Not long after Margaret Thatcher was ejected from Downing Street by renegades in her own party, a strain of heretical thought became fashionable in Tory circles. This new, dissenting view held that, far from advancing the cause of conservatism, Britain's first female Prime Minister was in fact antithetical to it. She claimed to espouse a return to Victorian values yet her embrace of Chicago School economics had shattered the local attachments and small institutions – Burke's "little platoons" – that both stimulated and rewarded the conservative disposition.
As John Gray, who has achieved subsequent fame as an iconoclast, put it in the most influential essay sponsoring this contrarian position, "market forces – especially when they are global – work to unsettle communities and delegitimise traditional institutions". A "cult of the free market," he wrote, showed "conservatism has colluded with the spirit of the age."
A Conservative once again occupies No 10 Downing Street. Yet for all that he reeks of the Establishment, David Cameron has in a fundamental sense repudiated Thatcherism. Our "broken society" was partly caused by the inequality of the Eighties, he admits; he gives speeches on the need to erect "general wellbeing" indices alongside those for "gross domestic product"; and his domestic policy is aimed at restoring fraternity through small, local institutions (including the family).
This reaction to Thatcherism stems from a world-view that lauds the quiet, the familiar, and the aged. It is, above all, nostalgic. Recent events have shown it to be in the ascendant, attaching credence to T H Huxley's marvellous observation that "it is the customary fate of new truths to begin as heresies and to end as superstitions". Social conservatism, alas, is in the air. A lot of people think we need to be go back to an age of solid objects, reliable hierarchies, and trusted brands. And they have BBC4 to give it to us in pictures.
This station, easily the best in Britain, has industrialised nostalgia. Not just any old, my-first-shag nostalgia; rather, an aching, tangible, indefatigable, and ultimately defeatist nostalgia for former glories, one at home more in the conservative than liberal temperament.
I hereby venture that, stiff competition notwithstanding, no BBC4 programme captures this generalised wistfulness with quite the efficacy of Behind the Scenes at the Museum. Its hagiography of the British Commercial Vehicle Museum in Leyland, Lancashire, is impossibly charming. Here, just metres away from the factory of what was once the largest motor manufacturer in the world, is a parable of both industrial decline and futile resistance to the march of history.

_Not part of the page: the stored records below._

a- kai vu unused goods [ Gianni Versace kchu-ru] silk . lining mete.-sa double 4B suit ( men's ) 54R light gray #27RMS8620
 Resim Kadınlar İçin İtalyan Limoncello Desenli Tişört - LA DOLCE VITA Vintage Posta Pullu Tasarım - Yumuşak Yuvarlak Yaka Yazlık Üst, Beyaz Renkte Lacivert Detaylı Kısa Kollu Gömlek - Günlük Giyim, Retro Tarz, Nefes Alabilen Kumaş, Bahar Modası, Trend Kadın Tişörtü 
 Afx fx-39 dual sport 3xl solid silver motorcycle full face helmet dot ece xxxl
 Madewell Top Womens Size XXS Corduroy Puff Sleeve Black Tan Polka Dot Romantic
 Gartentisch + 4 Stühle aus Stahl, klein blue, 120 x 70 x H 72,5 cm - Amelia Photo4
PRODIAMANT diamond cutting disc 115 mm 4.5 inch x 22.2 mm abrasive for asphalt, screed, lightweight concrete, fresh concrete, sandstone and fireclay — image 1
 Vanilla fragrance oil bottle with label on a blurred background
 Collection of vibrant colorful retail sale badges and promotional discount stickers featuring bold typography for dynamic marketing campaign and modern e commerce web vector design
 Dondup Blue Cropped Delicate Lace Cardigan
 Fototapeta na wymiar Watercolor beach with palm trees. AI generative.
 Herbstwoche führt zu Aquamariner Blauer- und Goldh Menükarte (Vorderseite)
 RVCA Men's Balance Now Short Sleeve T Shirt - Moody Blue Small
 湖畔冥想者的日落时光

An army of silver-haired volunteers, many of them retired Leyland workers, defy leaking roofs and their own relative poverty to fix, polish, and re-arrange classic British vehicles that derive, in their own words, from an "age of elegance". "Take a journey through time," screamed a sparkling Green Goddess, and we did, having the sense of being in a giant Hornby set, full of toy models, an effect accentuated by the unmistakeably childish fondness for engineering shared by so many of the workers, each boasting an obsessive grasp of detail. Who could tell, listening to Bob extol the virtues of gear ratios and turning circles, that he was a septuagenarian, rather than just 16?
There was a stubborn anachronism about the volunteers – who, with names like "Pritchard" and former careers as tax inspectors, evoked a late-Victorian sensibility – that made each of them endearing. Our narrator united the underlying theme (nostalgia for a lost age) with both genuine drama (can the oldies sell enough tickets to survive?) and an exposition of what museums are for: first, making the dead live; second, creating social solidarity – fraternity – out of so doing.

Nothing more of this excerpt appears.